降圧薬と副作用
降圧薬と副作用の組み合わせとして、AⅡ受容体拮抗薬と低カリウム血症は良くありません。
アンジオテンシン変換酵素阻害薬は、ACEを阻害するので、ACEによってブラジキニンの分解作用も抑え、ブラジキニンの増加に伴って、副作用である咳が発現しやすくなります。
AⅡ受容体拮抗薬は、アンジオテンシンⅡが腎臓に作用することによって、アルドステロンの分泌促進が起こり、血清カリウムが低下し、AⅡ受容体拮抗薬はAⅡと受容体で拮抗することで、アルドステロンの分泌抑制が起こり、血清カリウム値は上昇します。

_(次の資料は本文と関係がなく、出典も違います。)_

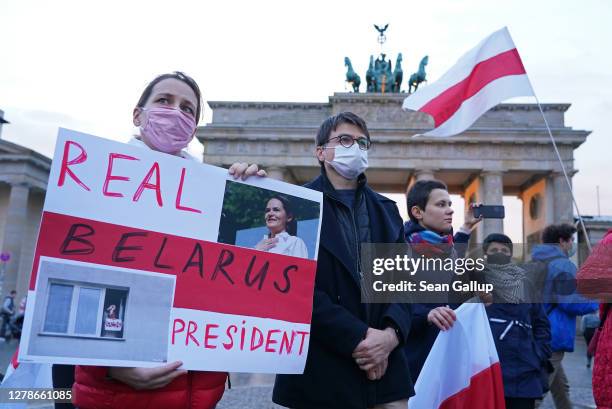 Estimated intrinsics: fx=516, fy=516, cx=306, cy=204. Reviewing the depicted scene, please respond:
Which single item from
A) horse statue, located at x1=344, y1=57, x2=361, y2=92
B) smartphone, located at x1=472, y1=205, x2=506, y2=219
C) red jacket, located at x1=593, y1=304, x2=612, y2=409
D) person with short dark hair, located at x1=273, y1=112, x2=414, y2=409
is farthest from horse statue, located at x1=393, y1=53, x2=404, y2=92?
red jacket, located at x1=593, y1=304, x2=612, y2=409

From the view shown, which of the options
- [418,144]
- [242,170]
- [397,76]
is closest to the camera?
[242,170]

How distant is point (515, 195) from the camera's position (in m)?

アンジオテンシンノーゲンは、レニンによってアンジオテンシンⅠになり、AⅠはアンジオテンシン変換酵素によってアンジオテンシンⅡになります。
ACEは、ブラジキニンに作用して、ブラジキニンを不活性ペプチドに変換し、AⅡが腎臓の傍糸球体細胞に作用することで、抗利尿モルモンであるアルドステロンが分泌され、アルドステロンはナトリウムの再吸収を促進し、カリウムの分泌も促進させます。
アダラートLとジゴキシンの併用は、ジゴキシンの腎排泄が抑えられ、ジゴキシンの血中濃度が上昇する可能性があるため、併用することは注意しなくてはなりません。
タガメットは、アダラートLの薬物代謝酵素を阻害し、また、胃酸を低下させることによってアダラートLの吸収を増加させることからアダラートLの血中濃度を上昇させる可能性があります。
糖尿病患者さん
JSH2000における若年者や、糖尿病患者さんは、降圧目標値は130/85mmHg未満でして、高齢者では収縮期血圧は140から160mmHg以下で、拡張期血圧は90mmHg未満とされています。
本能性高血圧症の場合、降圧薬の開始時期はリスクの程度によって異なり、血圧値が160/100mmHgの場合は、中等症高血圧症に分類させます。
血圧値が160/100mmHgでも糖尿病や臓器障害、心血管病のいずれかが高リスクでは、降圧薬を始めるべきですが、危険因子がない場合や高コレステロール血症などの危険因子がある中等リスクでは生活習慣の修正を先に行い、3カ月後に血圧値が140/90mmHgより高ければ降圧薬を開始します。
降圧薬の投与により予期できない急激な降圧の可能性があるので、降圧は徐々に行うことが望ましく、2から3カ月で降圧目標値に達することが望ましいとされています。
高血圧症患者では、高血圧症以外の心血管病の危険因子や臓器障害、また心血管病が有るか無いかと、その程度をリスクの層別化を行います。